Popularly dubbed as ‘Mother of Feminism’, American feminist journalist and social political activist Gloria Steinem once questioned if men could menstruate and wrote the most beautiful answer herself. It read, “What would happen, for instance, if suddenly, magically, men could menstruate and women could not? The answer is clear—menstruation would become an enviable, boast-worthy, masculine event.”
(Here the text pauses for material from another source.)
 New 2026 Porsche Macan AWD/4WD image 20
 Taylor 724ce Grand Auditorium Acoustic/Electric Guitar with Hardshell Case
She had added, “Men would brag about how long and how much. Boys would mark the onset of menses, that longed-for proof of manhood, with religious ritual and stag parties. Congress would fund a National Institute of Dysmenorrhea to help stamp out monthly discomforts. Sanitary supplies would be federally funded and free. (Of course, some men would still pay for the prestige of commercial brands such as John Wayne Tampons, Muhammad Ali’s Rope-a-dope Pads, Joe Namath Jock Shields—“For Those Light Bachelor Days,” and Robert “Baretta” Blake Maxi-Pads.)” and we can’t agree more.
You see, periods don’t stop for pandemics and according to the World Bank, “Every day, some 800 million women and girls menstruate. Being able to manage their menstruation safely, hygienically and with confidence and dignity is critical not just for their health and education, but also for economic development and overall gender equality.”
Impact of Covid-19 on menstrual hygiene:
The coronavirus pandemic or these ongoing three years of Covid-19 highlights, or even exacerbates, persisting challenges related to menstruation when millions of women and girls were already struggling to meet their menstrual needs before the current crisis and with an internalised sense of shame that is often linked to this natural process.
Dr Tanveer Aujla, Senior Consultant – Obstetrics and Gynecologist at Motherhood Hospital in Noida reveals, “Every month 1.8 millions of women menstruate across the globe but it has been seen that many of them are unable to manage their periods in a dignified and healthy way because of the social stigma, harassment and social exclusion during menstruation.”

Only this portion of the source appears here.